The HBIR Language

An HBIR program specifies a single computational kernel. The kernel is a computation that runs on a set of arbitrary-dimensional input arrays and produces more arrays as outputs. In other words, the program specifies the implementation of a function $f: (A_1,..,A_n) \rightarrow (B_1,..,B_m)$ where each $A_k$ and $B_k$ is a multidimensional array.

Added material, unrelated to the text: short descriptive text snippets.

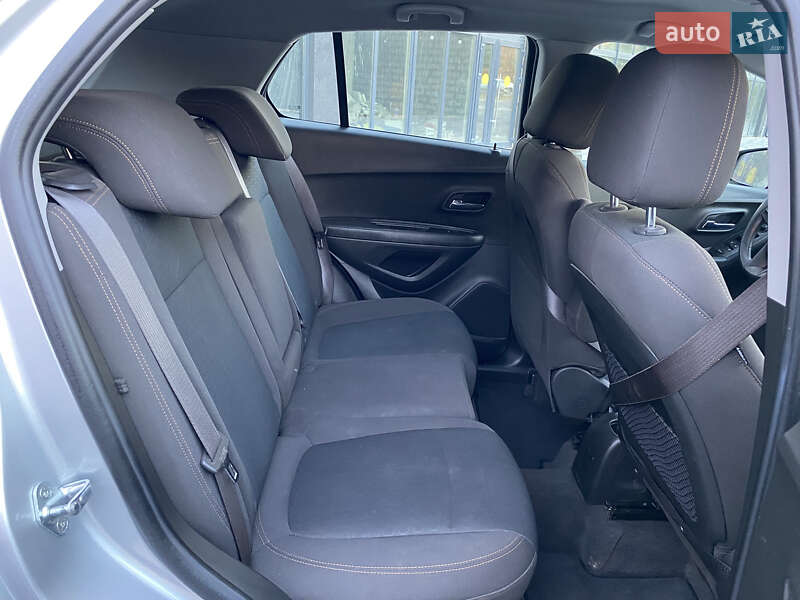 Внедорожник / Кроссовер Chevrolet Trax 2017 в Полтаве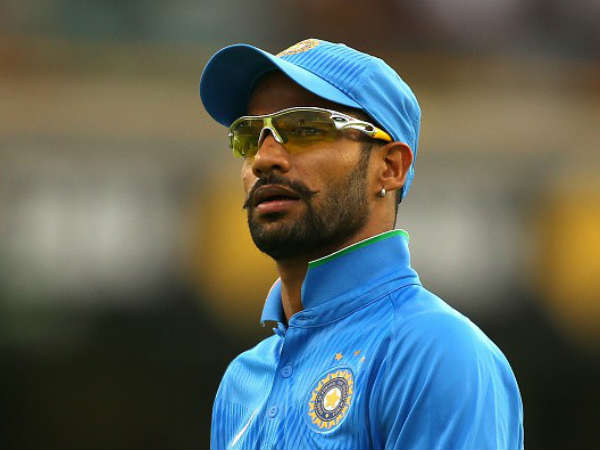  2004లో శిఖర్ ధావన్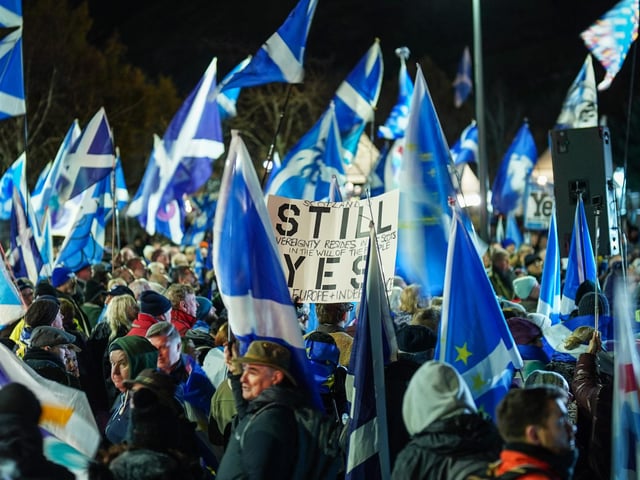 Scottish Independence supporters are seen at a demo outside Holyrood, the Scottish Parliament, on November 23, 2022 in Edinburgh, Scotland. Earlier today, the UK Supreme Court judges unanimously rejected the Scottish government's argument that it can hold a second independence referendum. (Photo by Peter Summers/Getty Images)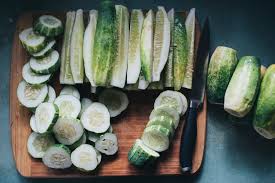 Sirup hijau rasa melon secukupnya*.air matang secukupnya *.1 sendok makan biji selasih ( rendam dalam air )cara membuat es mentimun segar*.ambil mentimun yang telah disediakan dan kemudian dicuci dengan. Bisnis Es Timun Serut Yuk Mudah Murah Untung Melimpah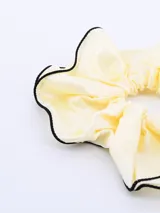 Colero color crema con borde negro.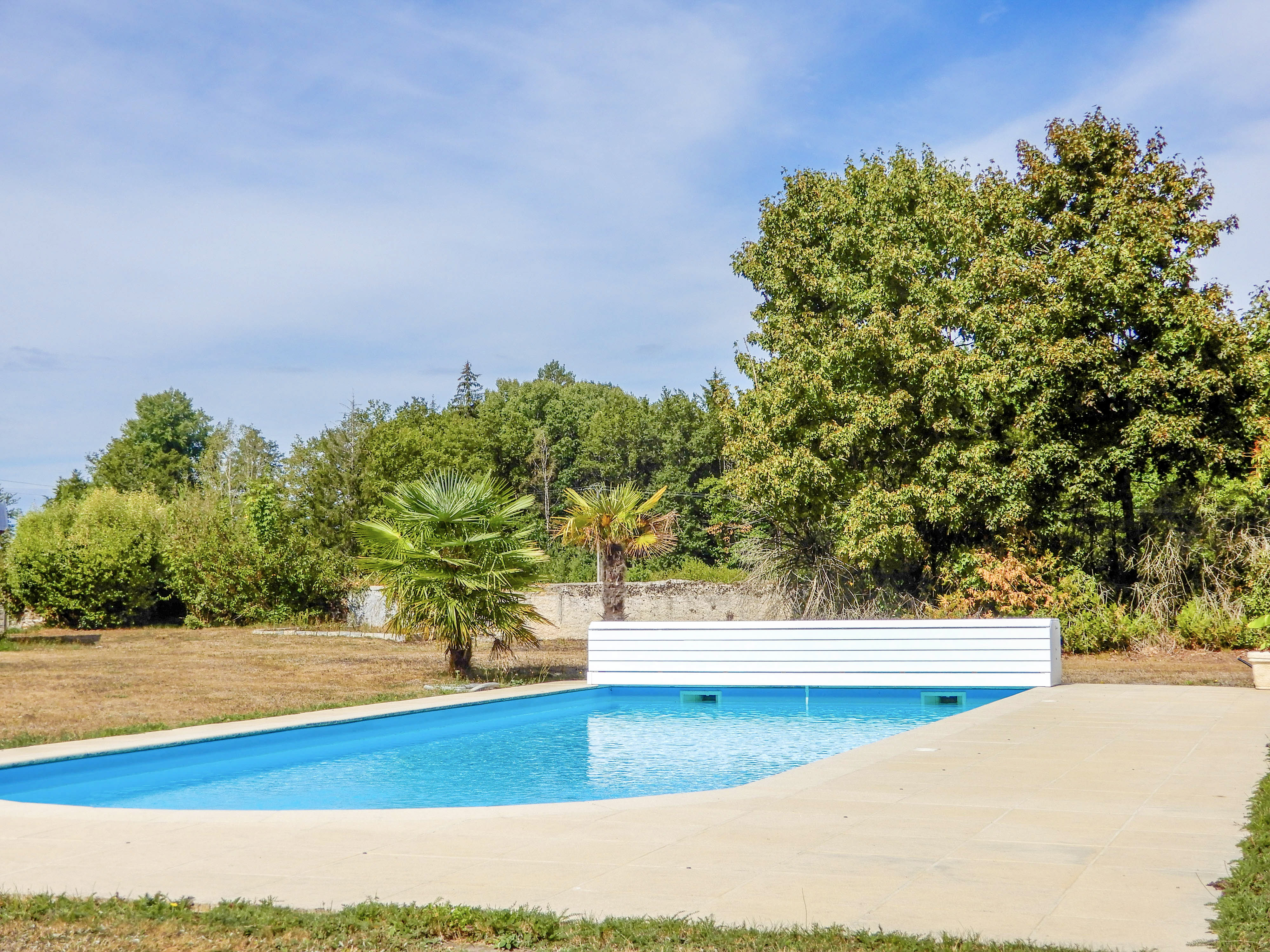 Propriété en France à vendre à Saint-Priest-Taurion, Haute-Vienne - &#8364;530 000 - photo 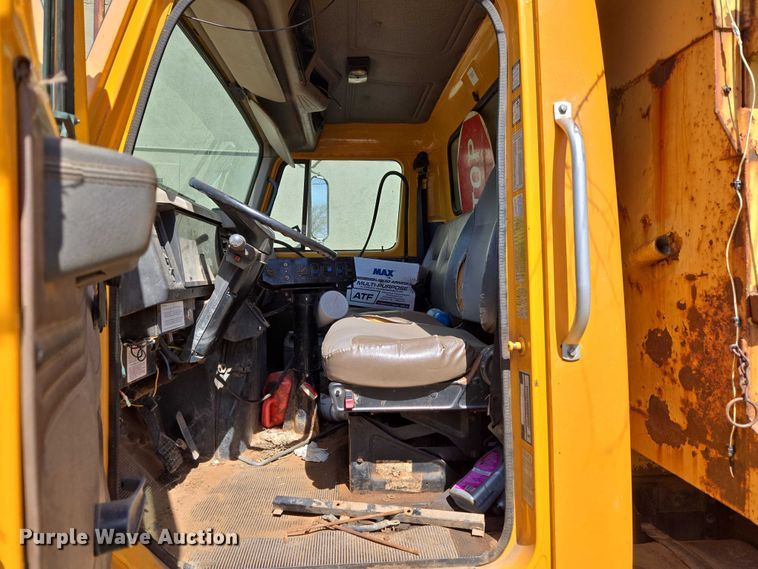 image for item ET1461 2001 International F-4900 dump truck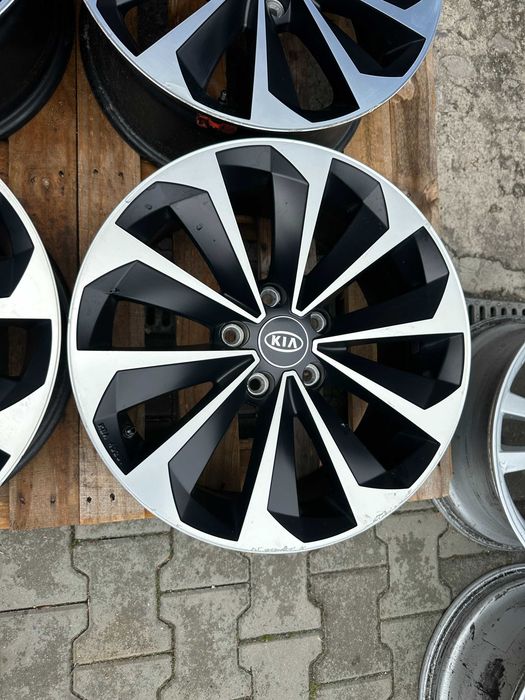 5x114,3 7,5j x 17" et47 Kia Hyundai Super stan z czujnikami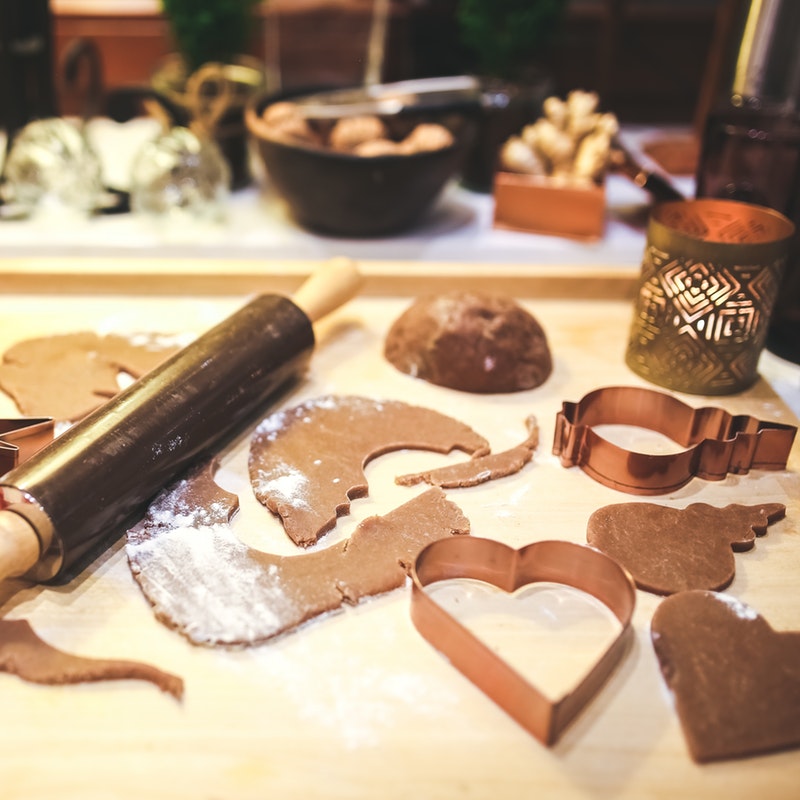 making cookies with molds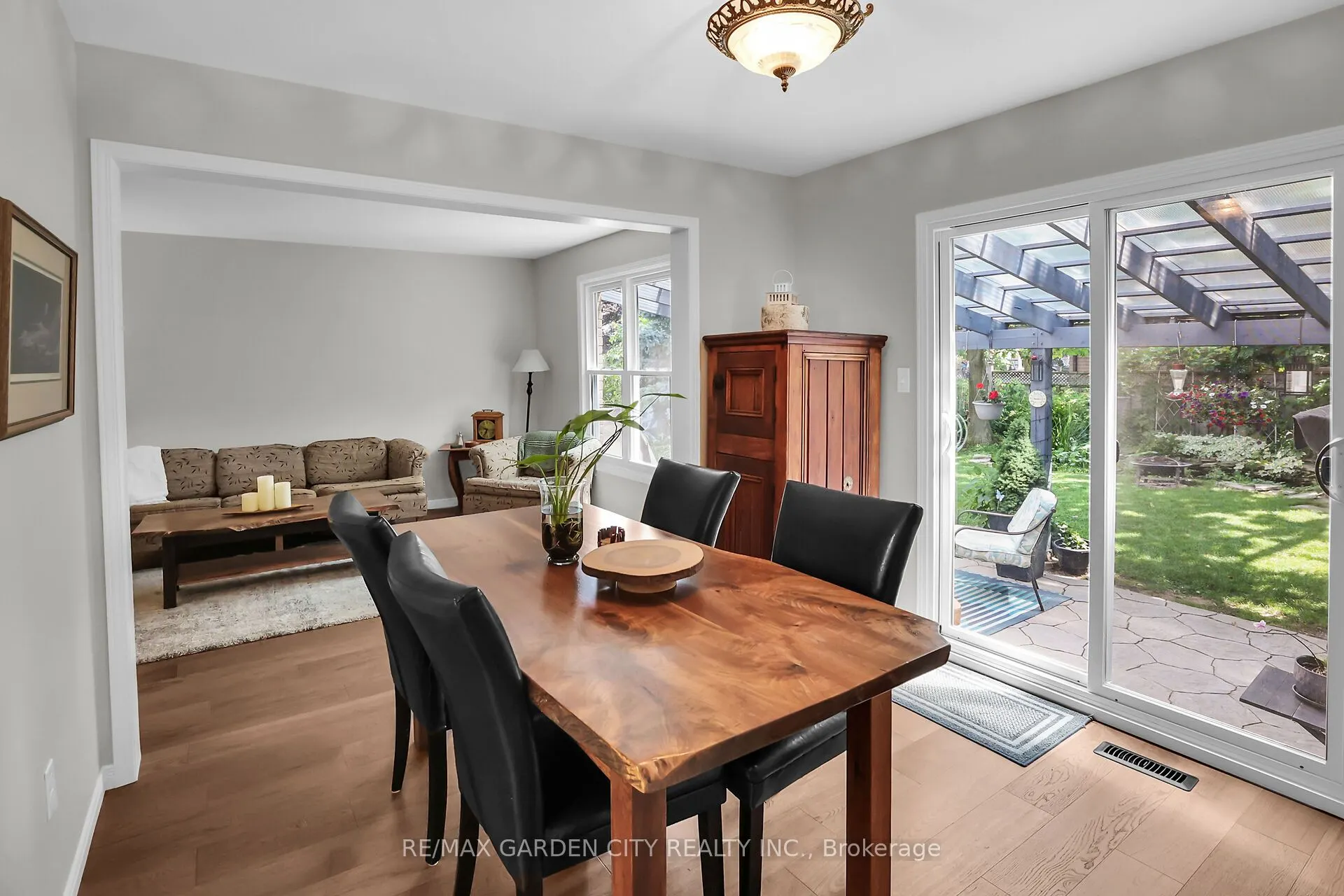 4542 Ivy Gardens Crescent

An HBIR program consists of four segments:

  • target: The machine model. This segment describes the set-in-stone silicon resources of the target hardware. An instance of this segment would ship with a particular instance of the HammerBlade hardware.
  • config: The system configuration. The configuration abstracts the physical hardware resources from target as a virtual machine model. Specifically, it organizes the machine into a set of tile groups $\{\mathbb{T_i}\}_{i \in \mathbb{I}}$ that will be programmed independently.
  • data: Memory allocations. This segment describes how logical array inputs $A_k$ and outputs $B_k$ are mapped and partitioned across the tile groups $\mathbb{T_i}$ defined in config.
  • code: The computation itself. This segment lists the SPMD code to execute on each tile group. The code consists of a set of programs, $g_i$, each destined to execute on the corresponding tile group, $\mathbb{T}_i$, defined in config. Each $g_i$ can read to the inputs and write to the outputs defined in data. Furthermore, the behavior of $g_i$ can optionally vary across $\mathbb{T}_i$’s available computational units, so it may be regarded as either MPMD or SPMD, depending on the particular use case.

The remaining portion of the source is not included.